Say you’re in a really bad position, you’re working jobs that do not really pay well and you have zero leisure time.  This means that in terms of career mobility, you won’t be able to do much as you don’t even have the time to study or learn a new skill.

What you need to do is think strategically about how much you’re willing to sacrifice in the present to achieve your desired level of happiness in the future.  In other words, you need to quantify your level of satisfaction at present and your desired level of satisfaction.  In economics, we call it utility.  How much utility would you rather have in 10 years versus today?  And, if you don’t have enough leisure time, you need to think about how much time you’re willing to sacrifice now in order to have a better life in the future.

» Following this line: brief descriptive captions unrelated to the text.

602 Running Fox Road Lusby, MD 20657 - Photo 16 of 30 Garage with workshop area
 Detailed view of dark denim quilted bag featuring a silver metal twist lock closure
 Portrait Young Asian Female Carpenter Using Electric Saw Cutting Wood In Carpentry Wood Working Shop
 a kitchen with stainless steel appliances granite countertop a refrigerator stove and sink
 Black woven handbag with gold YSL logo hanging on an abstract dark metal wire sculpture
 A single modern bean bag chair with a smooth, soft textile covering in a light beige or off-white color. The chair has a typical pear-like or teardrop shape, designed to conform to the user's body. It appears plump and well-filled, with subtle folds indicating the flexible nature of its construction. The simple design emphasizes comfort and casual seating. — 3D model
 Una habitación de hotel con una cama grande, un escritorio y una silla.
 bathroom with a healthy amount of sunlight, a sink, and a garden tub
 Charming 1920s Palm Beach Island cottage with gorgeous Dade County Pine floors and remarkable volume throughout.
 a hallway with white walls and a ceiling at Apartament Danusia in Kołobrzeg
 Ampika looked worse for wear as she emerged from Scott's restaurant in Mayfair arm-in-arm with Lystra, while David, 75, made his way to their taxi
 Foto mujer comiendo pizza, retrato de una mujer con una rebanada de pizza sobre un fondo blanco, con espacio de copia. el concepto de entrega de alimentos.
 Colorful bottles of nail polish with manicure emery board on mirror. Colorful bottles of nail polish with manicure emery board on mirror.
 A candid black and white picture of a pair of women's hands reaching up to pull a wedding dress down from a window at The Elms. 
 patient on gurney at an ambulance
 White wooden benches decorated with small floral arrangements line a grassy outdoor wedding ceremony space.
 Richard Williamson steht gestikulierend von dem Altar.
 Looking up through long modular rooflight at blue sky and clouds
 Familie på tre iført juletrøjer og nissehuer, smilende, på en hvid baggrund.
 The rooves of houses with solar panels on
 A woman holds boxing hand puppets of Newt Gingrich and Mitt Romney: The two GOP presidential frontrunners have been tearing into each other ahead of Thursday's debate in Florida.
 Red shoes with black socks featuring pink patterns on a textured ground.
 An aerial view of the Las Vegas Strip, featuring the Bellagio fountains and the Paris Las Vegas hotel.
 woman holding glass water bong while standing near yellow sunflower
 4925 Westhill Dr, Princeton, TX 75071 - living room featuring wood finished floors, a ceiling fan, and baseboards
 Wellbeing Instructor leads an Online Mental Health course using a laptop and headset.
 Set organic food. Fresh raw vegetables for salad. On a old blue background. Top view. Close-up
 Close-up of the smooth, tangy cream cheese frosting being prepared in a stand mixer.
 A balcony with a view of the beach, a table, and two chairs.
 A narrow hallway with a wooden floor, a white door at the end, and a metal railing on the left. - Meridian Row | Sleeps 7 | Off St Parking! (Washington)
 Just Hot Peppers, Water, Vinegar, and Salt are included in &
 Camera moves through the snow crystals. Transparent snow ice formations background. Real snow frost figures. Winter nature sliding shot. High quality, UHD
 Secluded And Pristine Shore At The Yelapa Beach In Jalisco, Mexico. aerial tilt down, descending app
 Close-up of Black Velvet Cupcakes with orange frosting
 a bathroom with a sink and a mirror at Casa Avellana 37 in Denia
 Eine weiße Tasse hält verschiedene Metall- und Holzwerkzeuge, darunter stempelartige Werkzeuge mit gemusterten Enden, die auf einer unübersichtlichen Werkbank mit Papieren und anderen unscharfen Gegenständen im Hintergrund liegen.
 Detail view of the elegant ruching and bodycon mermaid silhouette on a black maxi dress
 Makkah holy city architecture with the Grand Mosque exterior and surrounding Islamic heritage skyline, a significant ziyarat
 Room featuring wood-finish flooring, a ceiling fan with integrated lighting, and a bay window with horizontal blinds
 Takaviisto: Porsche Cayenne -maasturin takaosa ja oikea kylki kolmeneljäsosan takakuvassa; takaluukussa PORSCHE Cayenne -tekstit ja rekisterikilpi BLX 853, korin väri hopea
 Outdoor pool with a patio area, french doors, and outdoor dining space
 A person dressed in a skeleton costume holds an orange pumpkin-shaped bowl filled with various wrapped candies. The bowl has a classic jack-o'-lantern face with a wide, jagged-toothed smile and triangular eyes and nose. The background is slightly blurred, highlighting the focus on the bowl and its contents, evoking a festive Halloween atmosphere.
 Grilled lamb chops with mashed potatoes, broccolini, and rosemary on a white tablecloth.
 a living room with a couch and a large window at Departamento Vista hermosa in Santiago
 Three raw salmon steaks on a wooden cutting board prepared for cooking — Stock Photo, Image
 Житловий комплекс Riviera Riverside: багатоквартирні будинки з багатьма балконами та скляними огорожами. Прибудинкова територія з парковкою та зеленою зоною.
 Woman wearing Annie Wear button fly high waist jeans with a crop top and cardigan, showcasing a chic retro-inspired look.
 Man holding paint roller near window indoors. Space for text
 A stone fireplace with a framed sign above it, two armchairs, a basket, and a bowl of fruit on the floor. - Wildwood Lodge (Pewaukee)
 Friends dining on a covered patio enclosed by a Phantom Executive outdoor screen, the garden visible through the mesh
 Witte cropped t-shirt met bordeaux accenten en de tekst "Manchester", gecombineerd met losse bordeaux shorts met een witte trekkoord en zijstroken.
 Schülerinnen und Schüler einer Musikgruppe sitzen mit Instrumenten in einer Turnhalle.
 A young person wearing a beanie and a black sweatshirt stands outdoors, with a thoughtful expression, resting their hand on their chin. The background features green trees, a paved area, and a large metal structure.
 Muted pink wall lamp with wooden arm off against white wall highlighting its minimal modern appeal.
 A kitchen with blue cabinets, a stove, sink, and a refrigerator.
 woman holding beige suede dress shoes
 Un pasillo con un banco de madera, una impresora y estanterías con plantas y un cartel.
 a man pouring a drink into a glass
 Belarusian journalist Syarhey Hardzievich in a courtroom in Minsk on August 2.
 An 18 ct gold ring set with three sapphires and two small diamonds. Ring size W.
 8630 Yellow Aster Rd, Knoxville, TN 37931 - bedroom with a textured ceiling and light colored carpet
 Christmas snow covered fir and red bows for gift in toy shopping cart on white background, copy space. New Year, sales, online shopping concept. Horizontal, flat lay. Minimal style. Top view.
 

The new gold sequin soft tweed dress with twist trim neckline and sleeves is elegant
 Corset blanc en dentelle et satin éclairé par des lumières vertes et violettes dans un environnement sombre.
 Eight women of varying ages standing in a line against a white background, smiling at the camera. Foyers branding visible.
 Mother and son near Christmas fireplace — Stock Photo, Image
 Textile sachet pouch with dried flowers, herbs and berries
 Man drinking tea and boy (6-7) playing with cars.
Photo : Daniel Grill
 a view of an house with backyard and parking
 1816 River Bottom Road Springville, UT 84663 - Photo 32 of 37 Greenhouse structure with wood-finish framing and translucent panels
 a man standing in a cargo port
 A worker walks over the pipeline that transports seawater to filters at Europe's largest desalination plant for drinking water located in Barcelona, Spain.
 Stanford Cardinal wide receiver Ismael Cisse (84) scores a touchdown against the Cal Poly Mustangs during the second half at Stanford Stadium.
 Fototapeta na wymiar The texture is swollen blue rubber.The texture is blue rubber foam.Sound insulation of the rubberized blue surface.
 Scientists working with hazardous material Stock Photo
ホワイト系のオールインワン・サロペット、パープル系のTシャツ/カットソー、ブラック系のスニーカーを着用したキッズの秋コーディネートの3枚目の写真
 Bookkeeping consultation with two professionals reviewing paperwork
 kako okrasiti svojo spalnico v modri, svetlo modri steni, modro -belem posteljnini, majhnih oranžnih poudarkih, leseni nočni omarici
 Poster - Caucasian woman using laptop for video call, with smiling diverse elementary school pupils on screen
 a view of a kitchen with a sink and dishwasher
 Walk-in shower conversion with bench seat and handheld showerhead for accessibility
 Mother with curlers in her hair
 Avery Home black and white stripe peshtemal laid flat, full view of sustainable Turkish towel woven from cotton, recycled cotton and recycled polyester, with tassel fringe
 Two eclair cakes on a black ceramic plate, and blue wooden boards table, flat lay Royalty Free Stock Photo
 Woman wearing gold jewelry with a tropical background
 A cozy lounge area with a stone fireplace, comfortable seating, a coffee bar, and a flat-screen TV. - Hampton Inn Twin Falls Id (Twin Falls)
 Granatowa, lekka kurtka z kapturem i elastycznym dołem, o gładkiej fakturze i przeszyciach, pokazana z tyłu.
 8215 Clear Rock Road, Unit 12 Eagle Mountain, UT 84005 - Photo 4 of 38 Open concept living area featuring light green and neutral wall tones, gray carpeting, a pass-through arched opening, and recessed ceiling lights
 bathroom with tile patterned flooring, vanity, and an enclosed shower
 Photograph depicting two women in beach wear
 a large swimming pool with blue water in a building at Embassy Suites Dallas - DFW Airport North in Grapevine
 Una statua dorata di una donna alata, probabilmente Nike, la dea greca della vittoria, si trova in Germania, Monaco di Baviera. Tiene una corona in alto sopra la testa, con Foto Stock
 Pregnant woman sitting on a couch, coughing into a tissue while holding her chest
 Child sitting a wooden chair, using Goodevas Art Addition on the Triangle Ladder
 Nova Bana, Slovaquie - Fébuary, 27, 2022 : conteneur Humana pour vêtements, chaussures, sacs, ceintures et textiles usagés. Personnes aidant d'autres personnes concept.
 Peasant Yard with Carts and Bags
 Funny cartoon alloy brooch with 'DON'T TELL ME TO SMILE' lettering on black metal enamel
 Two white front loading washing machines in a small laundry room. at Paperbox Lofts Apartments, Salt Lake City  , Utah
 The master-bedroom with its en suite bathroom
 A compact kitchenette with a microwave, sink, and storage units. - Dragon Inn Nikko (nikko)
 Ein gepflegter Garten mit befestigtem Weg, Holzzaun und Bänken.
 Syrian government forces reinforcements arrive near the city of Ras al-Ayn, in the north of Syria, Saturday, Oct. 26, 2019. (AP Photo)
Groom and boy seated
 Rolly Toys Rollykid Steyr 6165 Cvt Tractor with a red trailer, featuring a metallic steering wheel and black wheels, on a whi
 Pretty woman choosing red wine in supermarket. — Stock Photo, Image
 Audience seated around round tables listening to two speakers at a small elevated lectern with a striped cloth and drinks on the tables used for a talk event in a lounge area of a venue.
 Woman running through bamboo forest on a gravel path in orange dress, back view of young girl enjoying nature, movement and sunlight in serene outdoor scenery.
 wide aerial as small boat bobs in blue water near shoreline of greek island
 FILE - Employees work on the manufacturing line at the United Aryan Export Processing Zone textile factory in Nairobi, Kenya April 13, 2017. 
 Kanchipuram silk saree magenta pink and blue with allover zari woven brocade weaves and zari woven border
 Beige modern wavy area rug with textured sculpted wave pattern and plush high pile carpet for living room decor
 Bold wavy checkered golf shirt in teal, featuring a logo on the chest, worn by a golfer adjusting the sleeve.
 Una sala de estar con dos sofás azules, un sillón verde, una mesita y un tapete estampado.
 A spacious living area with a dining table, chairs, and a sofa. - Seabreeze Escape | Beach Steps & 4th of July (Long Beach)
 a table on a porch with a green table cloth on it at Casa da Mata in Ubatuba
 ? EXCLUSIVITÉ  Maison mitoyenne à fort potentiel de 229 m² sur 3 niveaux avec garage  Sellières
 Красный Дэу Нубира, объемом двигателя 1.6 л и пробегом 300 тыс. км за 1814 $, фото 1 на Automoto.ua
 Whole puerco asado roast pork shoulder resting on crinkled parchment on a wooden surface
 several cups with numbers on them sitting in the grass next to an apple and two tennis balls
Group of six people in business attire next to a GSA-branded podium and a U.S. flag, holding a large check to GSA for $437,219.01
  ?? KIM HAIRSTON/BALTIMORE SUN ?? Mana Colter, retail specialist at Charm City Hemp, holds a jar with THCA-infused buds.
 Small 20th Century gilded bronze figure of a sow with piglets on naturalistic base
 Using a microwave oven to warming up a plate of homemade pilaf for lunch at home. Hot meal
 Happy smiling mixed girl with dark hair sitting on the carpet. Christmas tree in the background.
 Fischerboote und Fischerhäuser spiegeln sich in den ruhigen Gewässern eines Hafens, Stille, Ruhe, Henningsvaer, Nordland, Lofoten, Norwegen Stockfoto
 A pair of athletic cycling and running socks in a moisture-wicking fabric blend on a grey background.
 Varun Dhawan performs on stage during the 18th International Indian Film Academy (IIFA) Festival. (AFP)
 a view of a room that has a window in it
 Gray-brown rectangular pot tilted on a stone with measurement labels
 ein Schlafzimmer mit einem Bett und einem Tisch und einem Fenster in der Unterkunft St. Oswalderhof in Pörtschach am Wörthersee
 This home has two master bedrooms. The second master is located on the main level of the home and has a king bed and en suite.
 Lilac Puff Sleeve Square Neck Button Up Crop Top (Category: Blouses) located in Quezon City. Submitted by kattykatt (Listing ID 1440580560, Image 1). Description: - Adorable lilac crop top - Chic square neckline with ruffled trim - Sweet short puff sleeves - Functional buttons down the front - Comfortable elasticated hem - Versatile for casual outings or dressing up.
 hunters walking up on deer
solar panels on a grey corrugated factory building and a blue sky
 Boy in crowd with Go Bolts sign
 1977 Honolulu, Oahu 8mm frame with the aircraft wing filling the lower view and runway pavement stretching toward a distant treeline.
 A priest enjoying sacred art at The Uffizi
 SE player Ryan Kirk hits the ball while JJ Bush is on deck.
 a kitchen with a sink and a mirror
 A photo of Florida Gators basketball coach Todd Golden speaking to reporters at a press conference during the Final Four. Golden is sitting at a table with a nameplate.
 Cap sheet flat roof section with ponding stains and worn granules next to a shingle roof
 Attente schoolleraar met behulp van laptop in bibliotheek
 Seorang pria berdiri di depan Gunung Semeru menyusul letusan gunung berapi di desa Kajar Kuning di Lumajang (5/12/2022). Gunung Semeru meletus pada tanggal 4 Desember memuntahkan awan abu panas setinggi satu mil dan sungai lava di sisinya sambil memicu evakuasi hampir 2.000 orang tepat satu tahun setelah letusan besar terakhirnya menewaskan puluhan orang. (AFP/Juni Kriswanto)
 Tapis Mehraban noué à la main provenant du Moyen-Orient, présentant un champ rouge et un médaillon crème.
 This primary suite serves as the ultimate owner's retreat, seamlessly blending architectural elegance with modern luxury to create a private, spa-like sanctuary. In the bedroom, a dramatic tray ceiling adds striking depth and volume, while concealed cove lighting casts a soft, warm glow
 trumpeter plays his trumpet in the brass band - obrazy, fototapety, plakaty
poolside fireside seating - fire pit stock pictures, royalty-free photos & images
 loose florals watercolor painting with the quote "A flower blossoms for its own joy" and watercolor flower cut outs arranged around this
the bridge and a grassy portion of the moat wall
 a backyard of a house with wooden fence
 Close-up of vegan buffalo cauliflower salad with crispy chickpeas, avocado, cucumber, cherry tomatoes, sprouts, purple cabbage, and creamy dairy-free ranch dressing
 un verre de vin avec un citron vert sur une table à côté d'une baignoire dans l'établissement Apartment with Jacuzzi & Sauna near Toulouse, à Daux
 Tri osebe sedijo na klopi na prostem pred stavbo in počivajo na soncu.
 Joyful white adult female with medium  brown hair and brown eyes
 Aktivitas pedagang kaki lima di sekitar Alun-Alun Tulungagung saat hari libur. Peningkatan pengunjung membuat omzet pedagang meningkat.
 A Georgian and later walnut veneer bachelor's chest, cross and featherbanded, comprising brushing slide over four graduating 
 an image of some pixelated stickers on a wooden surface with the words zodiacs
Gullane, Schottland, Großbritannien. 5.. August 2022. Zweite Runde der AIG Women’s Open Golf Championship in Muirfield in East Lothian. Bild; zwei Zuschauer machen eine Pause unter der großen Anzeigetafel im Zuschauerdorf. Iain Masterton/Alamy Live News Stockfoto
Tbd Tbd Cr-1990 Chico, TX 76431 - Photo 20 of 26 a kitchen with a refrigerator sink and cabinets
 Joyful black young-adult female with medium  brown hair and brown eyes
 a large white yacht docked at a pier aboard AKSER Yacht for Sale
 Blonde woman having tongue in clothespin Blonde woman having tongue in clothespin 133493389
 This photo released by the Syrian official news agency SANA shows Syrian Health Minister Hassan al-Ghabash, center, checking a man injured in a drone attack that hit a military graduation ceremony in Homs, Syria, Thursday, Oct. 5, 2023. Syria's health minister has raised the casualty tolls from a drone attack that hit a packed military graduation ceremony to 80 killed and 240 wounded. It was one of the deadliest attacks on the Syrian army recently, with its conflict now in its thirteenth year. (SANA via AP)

This kind of exercise requires that you set aside enough time and save enough money to invest in finding work in your desired field.  It may be by taking courses or investing in a certificate or diploma.  In any case, all of this is only possible if you’ve figured out your personality type, what experience has taught you about your real strengths and how much time and money you’re willing to sacrifice in the present for a better future.

4. Be on the look out for trainee programs and internship programs to get an idea of where you might fit in best

If you’re just starting your career, don’t rush into an established job without having done the prior legwork to figure out what’s your perfect fit.  While an initial job opportunity might lure you into full-time employment and a good salary, it’s unwise to get on board if you value long time happiness in your career.  If you’ve gone through a self-evaluation and pinned down your personality type and past successes, and you found out that the job that you’ve been selected for doesn’t really match your personality type, be prepared to be disillusioned at some point in your career as you might find yourself not fitting in at all.

This is why it’s advisable to go through some troubleshooting before embarking on a full-fledged long-term career.  Choose internship programs and trainee programs to get an idea on the perfect work environment for you.


5. Discuss your options with people who know you

The people whom you’re close to are in the best position to judge your character and personality and having a conversation about your career options with them might help you get a better idea of where you stand.  Your best friend might be able to tell if you would adapt in an office setting or if you need move around constantly.


Having this conversation with close ones not only broadens your own view of yourself, but it also helps you see how people view you.  How people view you will affect you in your career, be it around the time of a 360 degrees performance evaluation or when you’re pitching yourself in for a promotion.

The most important thing about deciding what you want to do in your life is how you intend to spend the best years of your life-would you rather be in an office setting everyday or would you rather be in a creative position that entails meeting lots of people?  Would you be more satisfied with a promotion at 30 or would you rather start a family at 30?

Jotting down all these options in a realistic manner, with a list of your past successes and failures and what you’ve learned about yourself will definitely help you choose the best career path!